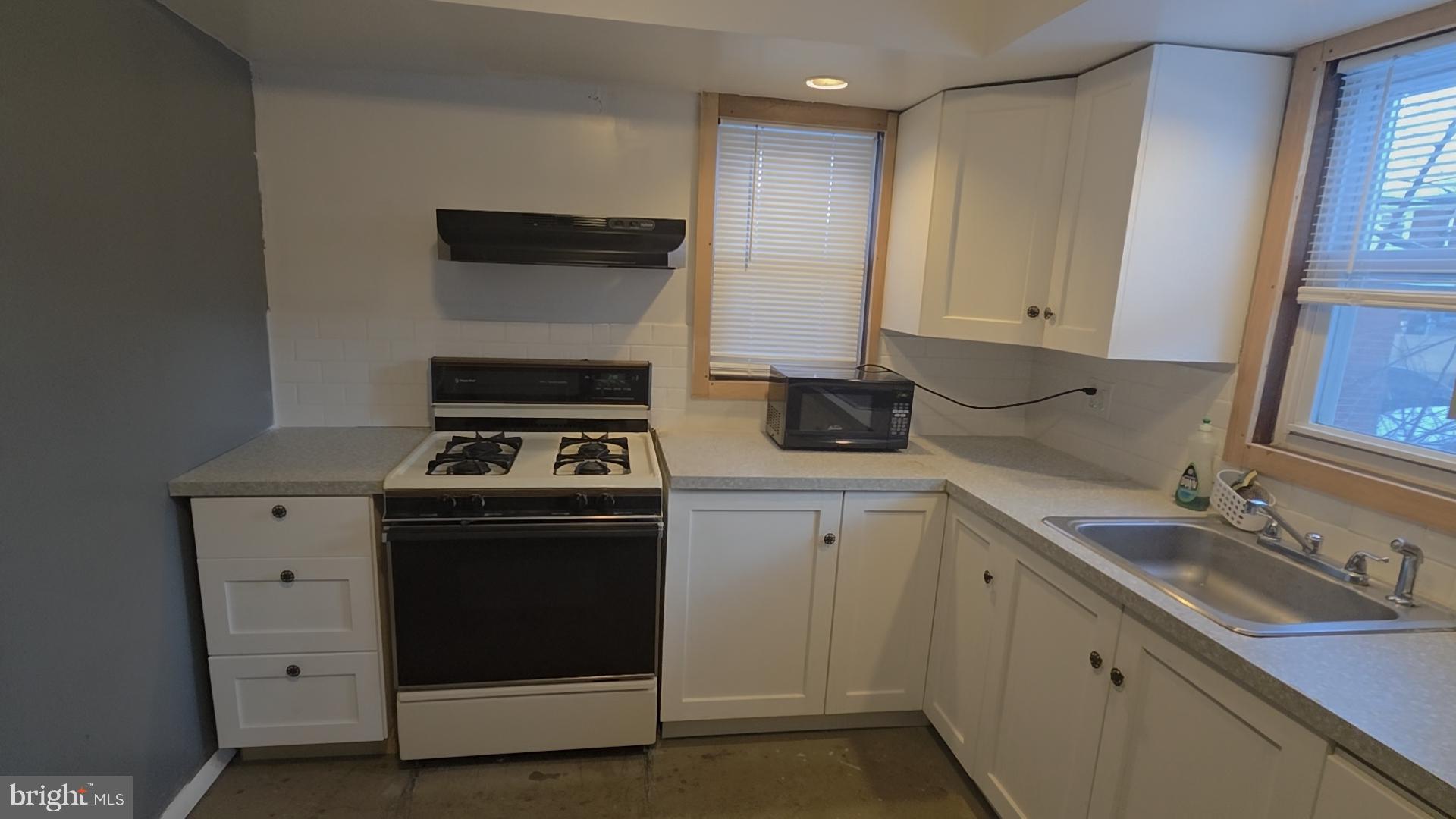 3151 Tuckahoe Road Camden, NJ 08104 - Photo 4 of 13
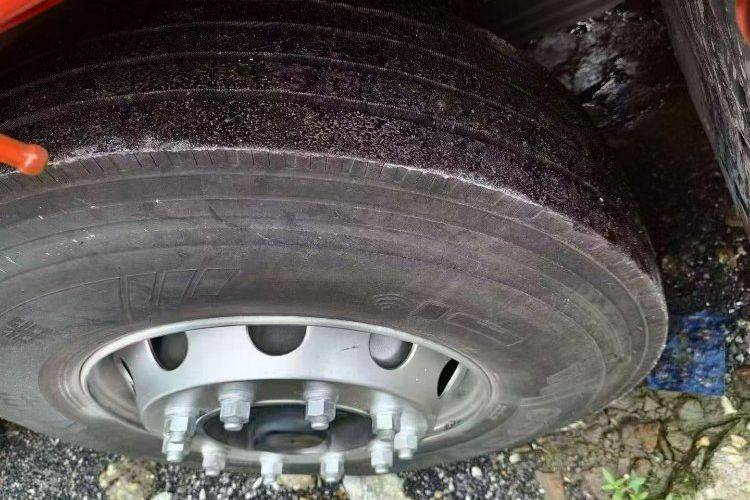二手东风商用车 465马力 载货车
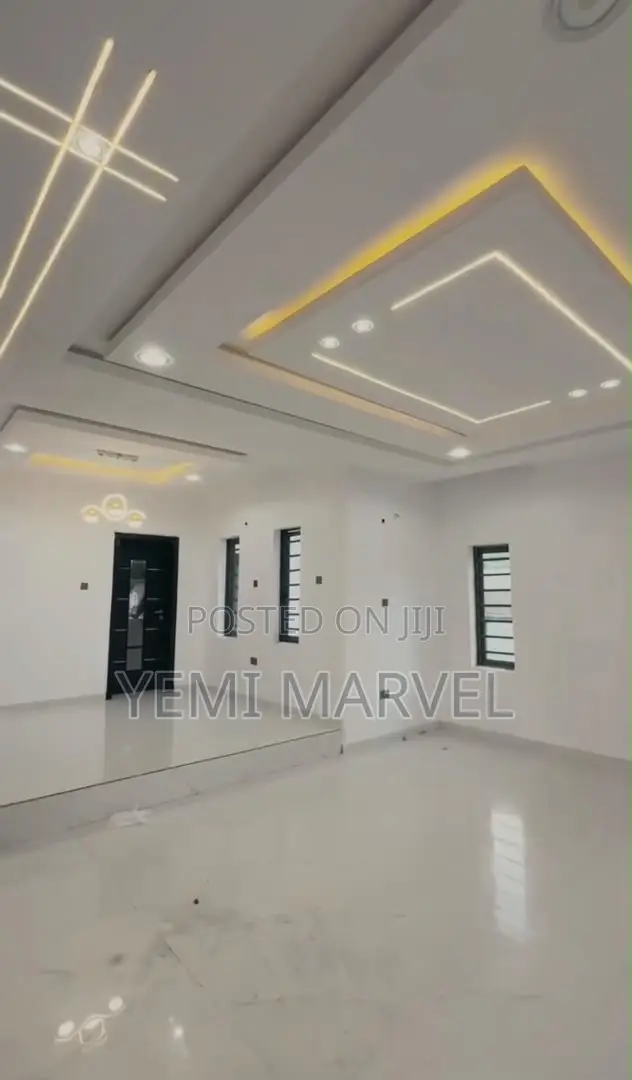 4bdrm Duplex in Mayfield Garden, for sale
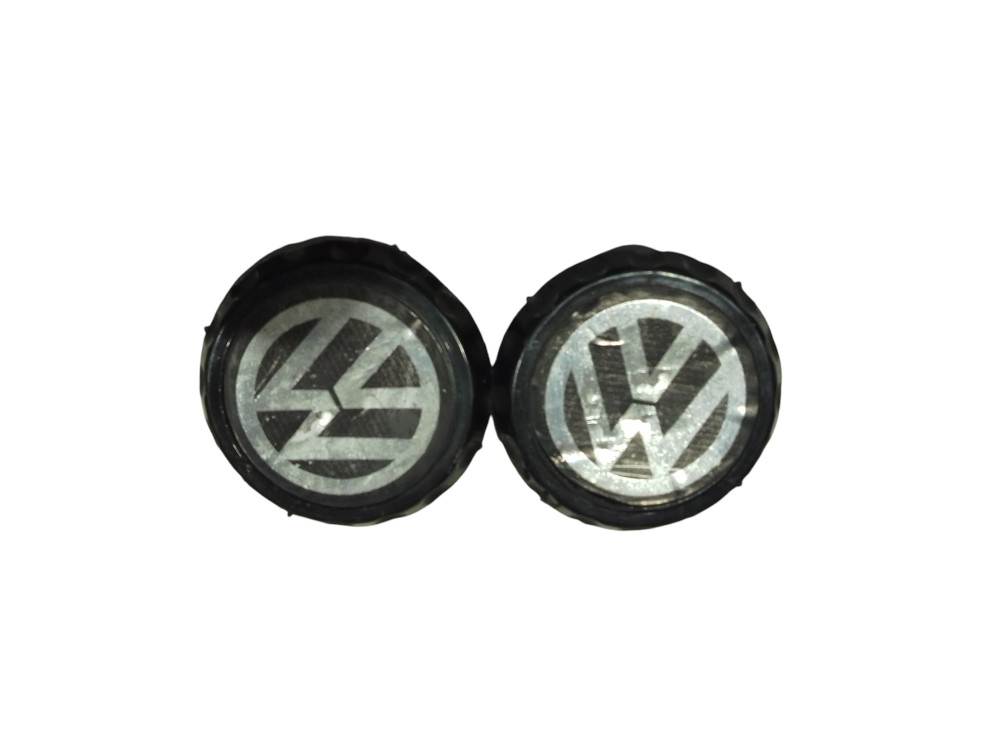 Calotinha 2 Calota Central Volkswagen Fox Original Et530 Preto E Prata 3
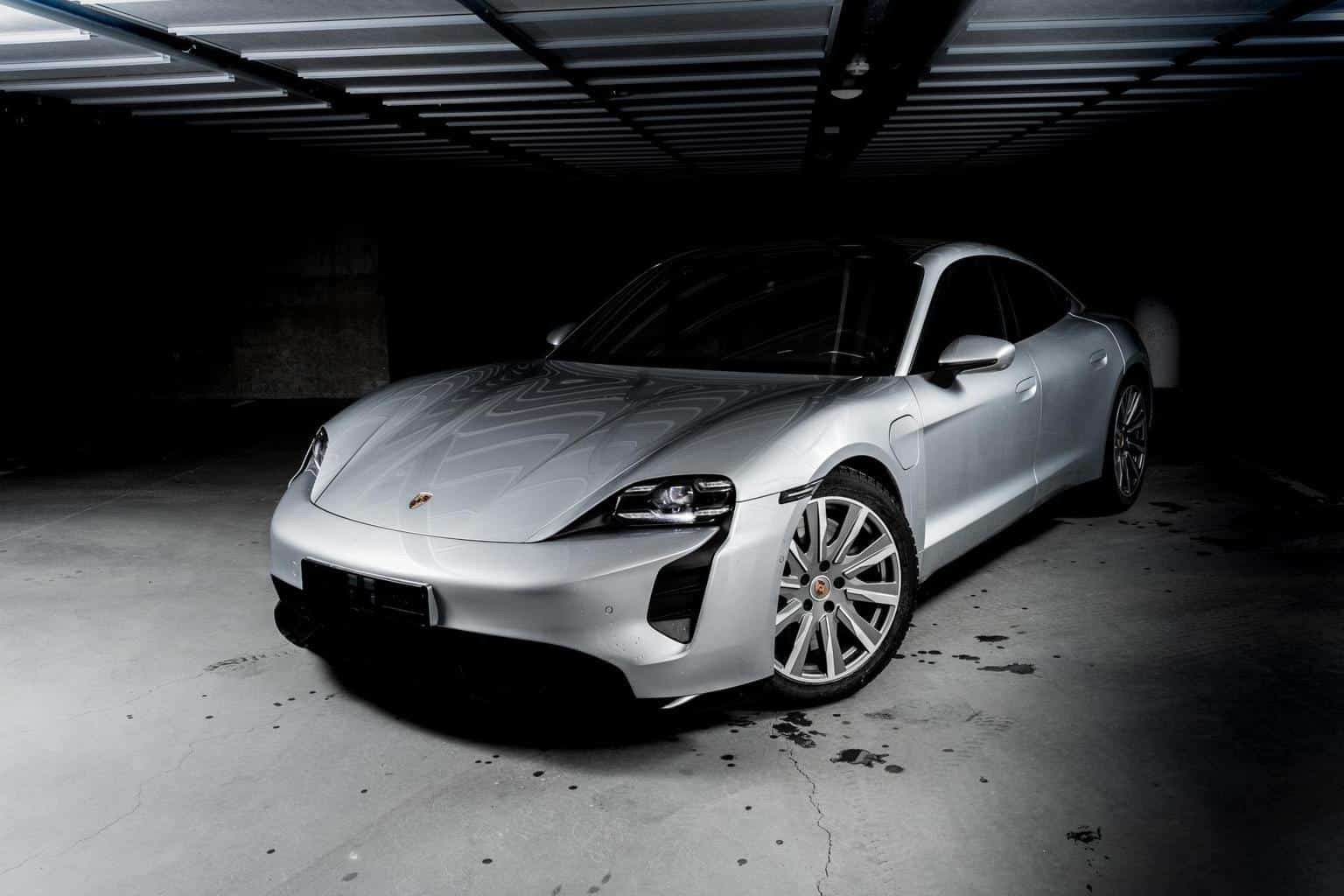 Porsche Entwicklungsvorstand darüber warum Tesla keine direkte Konkurrenz ist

■ ■ ■ ■ ■

• What needs to be done: Every line from the one that contains "Calotinha 2 Calota" through the end of the records above is to be reproduced exactly; no picture goes in the copy.

• Your response:
 Calotinha 2 Calota Central Volkswagen Fox Original Et530 Preto E Prata 3
 Porsche Entwicklungsvorstand darüber warum Tesla keine direkte Konkurrenz ist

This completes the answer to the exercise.